# Task statement
For this exercise, output the entries below exactly from the line that holds "Galo, de Hulk, vai" to the line that holds "MP3 Disc: Eusebius' History of the Church", both ends included. No pictures belong in the copy.

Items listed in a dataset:
....
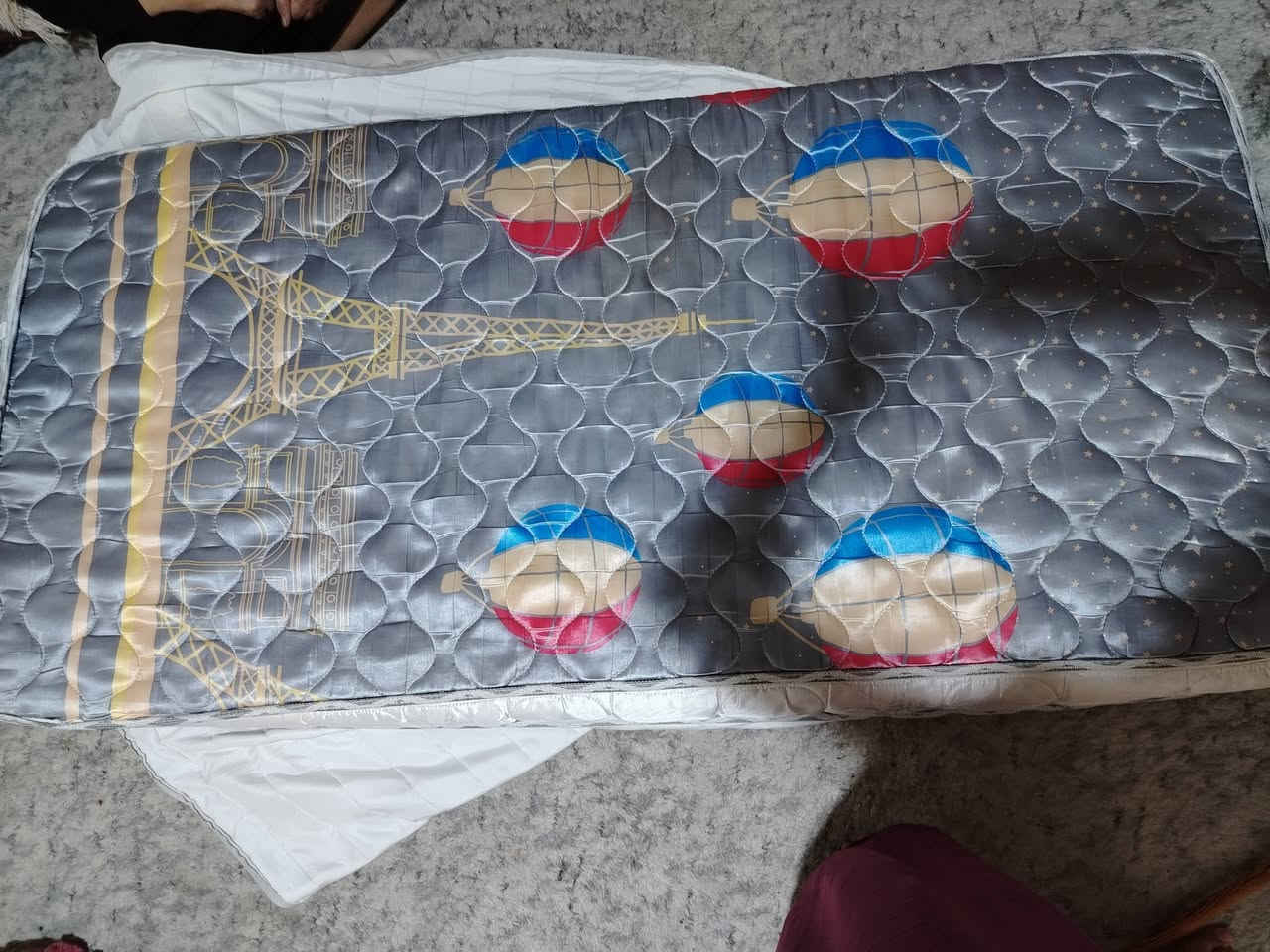 السلام عليكم غراض للبيع نضيفات كلش


**إذا كنت صاحب هذا الإعلان وتريد حذفه لأي سبب، رجاءا أرسل رسالة إلى الدعم الفني**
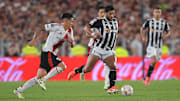 Galo, de Hulk, vai em busca de mais uma taça continental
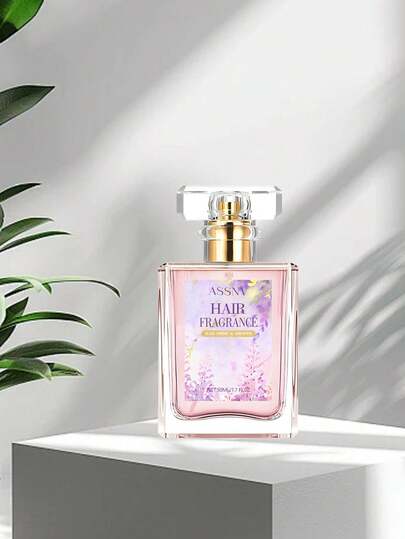زجاجة عطر نسائي طبيعي طويل الأمد، منعش وجذاب بسعة 50 مل، رذاذ منعش محمول مناسب للحفلات، هدية للصديقة والعائلة والأصدقاء في المناسبات كعيد الميلاد والكريسماس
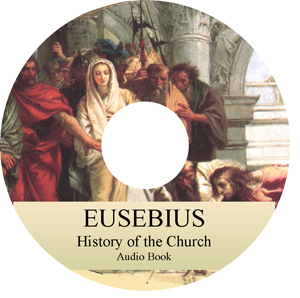 MP3 Disc: Eusebius' History of the Church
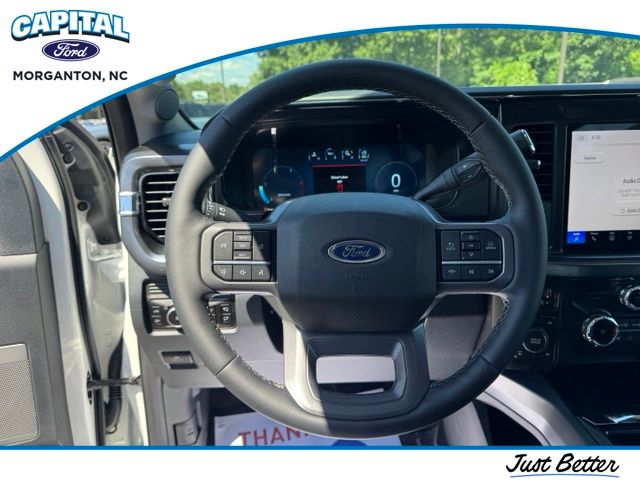 New 2026 White Ford Lariat image 17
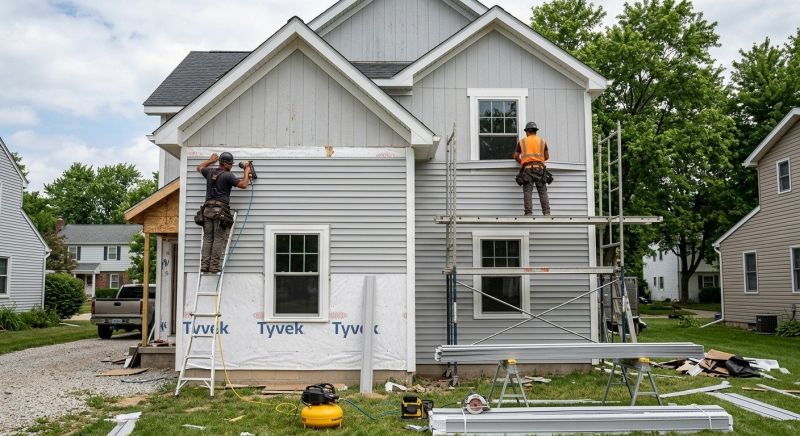 Top Siding Replacement Companies in Aurora, IN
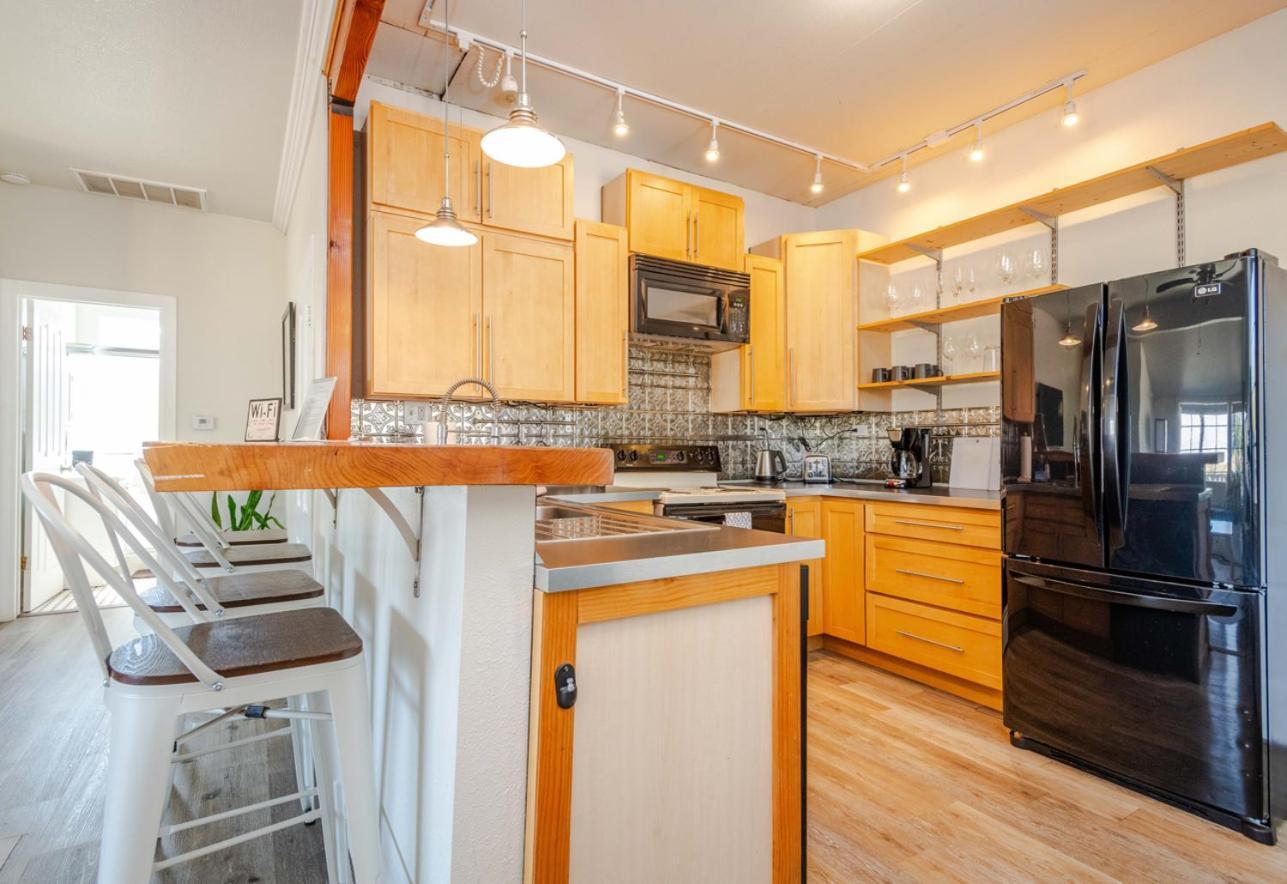 Den Street Cottage Los Alamos Ngoại thất bức ảnh
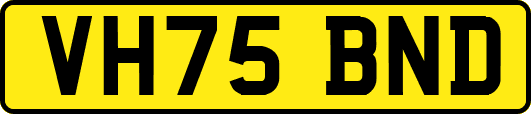 VH75BND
....
# Answer section
 Galo, de Hulk, vai em busca de mais uma taça continental
زجاجة عطر نسائي طبيعي طويل الأمد، منعش وجذاب بسعة 50 مل، رذاذ منعش محمول مناسب للحفلات، هدية للصديقة والعائلة والأصدقاء في المناسبات كعيد الميلاد والكريسماس
 MP3 Disc: Eusebius' History of the Church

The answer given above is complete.